CODEWITHSUNDEEP
node.js
Antonio Pavicevac-Ortiz
Antonio Pavicevac-Ortiz

Reputation: 7729

Node.js path.join() ignoring parameter

According to the documentation:

The path.join() method joins all given path segments together using the platform-specific separator as a delimiter, then normalizes the resulting path.

Zero-length path segments are ignored. If the joined path string is a zero-length string then '.' will be returned, representing the current working directory.

path.join('/foo', 'bar', 'baz/asdf', 'quux', '..');
// Returns: '/foo/bar/baz/asdf'

path.join('foo', {}, 'bar');
// Throws 'TypeError: Path must be a string. Received {}'

A TypeError is thrown if any of the path segments is not a string.

Am I missing something? Why is:

 path.join('/foo', 'bar', 'baz/asdf', 'quux', '..');
    // Returns: '/foo/bar/baz/asdf'

Ignoring 'quux' and '..' ?

They're are not zero length?

Even played around in the REPL (see screenshot)

enter image description here

Upvotes: 1

Views: 1603

Answers (3)

Ronin
Ronin

Reputation: 81

Path.join isn't ignoring the last two parameters. Path.join takes the parameters you input and outputs a normalized path in string format.
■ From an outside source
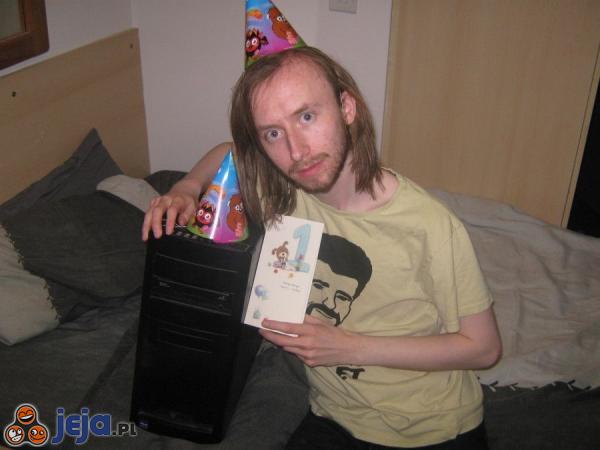 Pierwsze urodziny kochanego komputerka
So what's actually going on here is that it's constructing your string to form a path left to right, /foo/bar/baz/asdf/quux/, and the last parameter (..) is instructing path.join to 'go back a directory'. So your final result will be: /foo/bar/baz/asdf/

Upvotes: 6

HumbleOne
HumbleOne

Reputation: 170

  1. With regard to path.join('foo', {}, 'bar');, {} represents an empty object, not a string (empty or not). Therefore, it is an invalid parameter for path.join().

  2. With regard to path.join('/foo', 'bar', 'baz/asdf', 'quux', '..');, .. refers to a parent directory. Through experimentation in a terminal, you will find that...

    /foo/bar/baz/asdf/quux/.. is equivalent to /foo/bar/baz/asdf

Upvotes: -1

Golo Roden
Golo Roden

Reputation: 150614

Part 1: what do you expect to happen when you provide an object instead of a string? To cut it short: It doesn’t make sense and hence doesn’t work.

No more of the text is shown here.